如何划分？将对象按其生命周期的不同划分成：年轻代(Young Generation)、年老代(Old Generation)、持久代(Permanent Generation)。其中持久代主要存放的是类信息，所以与java对象的回收关系不大，与回收息息相关的是年轻代和年老代。这里有个比喻很形象

“假设你是一个普通的 Java 对象，你出生在 Eden 区，在 Eden 区有许多和你差不多的小兄弟、小姐妹，可以把 Eden 区当成幼儿园，在这个幼儿园里大家玩了很长时间。Eden 区不能无休止地放你们在里面，所以当年纪稍大，你就要被送到学校去上学，这里假设从小学到高中都称为 Survivor 区。开始的时候你在 Survivor 区里面划分出来的的“From”区，读到高年级了，就进了 Survivor 区的“To”区，中间由于学习成绩不稳定，还经常来回折腾。直到你 18 岁的时候，高中毕业了，该去社会上闯闯了。于是你就去了年老代，年老代里面人也很多。在年老代里，你生活了 20 年 (每次 GC 加一岁)，最后寿终正寝，被 GC 回收。有一点没有提，你在年老代遇到了一个同学，他的名字叫爱德华 (慕光之城里的帅哥吸血鬼)，他以及他的家族永远不会死，那么他们就生活在永生代。”

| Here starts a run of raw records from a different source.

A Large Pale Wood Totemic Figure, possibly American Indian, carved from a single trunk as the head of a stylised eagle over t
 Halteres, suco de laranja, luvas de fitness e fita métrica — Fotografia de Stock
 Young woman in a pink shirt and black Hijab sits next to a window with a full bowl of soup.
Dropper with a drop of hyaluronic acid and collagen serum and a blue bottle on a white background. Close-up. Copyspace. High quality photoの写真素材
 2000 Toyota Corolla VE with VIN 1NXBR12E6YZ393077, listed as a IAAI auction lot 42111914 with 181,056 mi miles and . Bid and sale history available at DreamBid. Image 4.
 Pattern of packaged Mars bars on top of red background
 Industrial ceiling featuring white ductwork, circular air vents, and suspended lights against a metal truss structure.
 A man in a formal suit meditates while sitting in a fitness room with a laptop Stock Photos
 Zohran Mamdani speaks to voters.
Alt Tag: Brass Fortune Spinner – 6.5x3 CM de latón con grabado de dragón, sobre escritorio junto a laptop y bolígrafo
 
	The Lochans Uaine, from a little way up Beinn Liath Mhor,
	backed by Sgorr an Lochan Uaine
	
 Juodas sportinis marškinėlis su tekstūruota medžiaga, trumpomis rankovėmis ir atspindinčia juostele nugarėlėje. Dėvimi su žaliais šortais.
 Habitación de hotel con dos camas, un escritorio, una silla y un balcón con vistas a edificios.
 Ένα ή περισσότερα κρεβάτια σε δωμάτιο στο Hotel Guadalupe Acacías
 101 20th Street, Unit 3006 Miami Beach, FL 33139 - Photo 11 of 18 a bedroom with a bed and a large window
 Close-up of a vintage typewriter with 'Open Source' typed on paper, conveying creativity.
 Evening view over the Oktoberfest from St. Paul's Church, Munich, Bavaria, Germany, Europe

具体区域可以通过VisualVM中的VisaulGC插件查看，如图（openjdk 1.7）：

年轻代：是所有新对象产生的地方。年轻代被分为3个部分——Enden区和两个Survivor区（From和to）当Eden区被对象填满时，就会执行Minor GC。并把所有存活下来的对象转移到其中一个survivor区（假设为from区）。Minor GC同样会检查存活下来的对象，并把它们转移到另一个survivor区（假设为to区）。这样在一段时间内，总会有一个空的survivor区。经过多次GC周期后，仍然存活下来的对象会被转移到年老代内存空间。通常这是在年轻代有资格提升到年老代前通过设定年龄阈值来完成的。需要注意，Survivor的两个区是对称的，没先后关系，from和to是相对的。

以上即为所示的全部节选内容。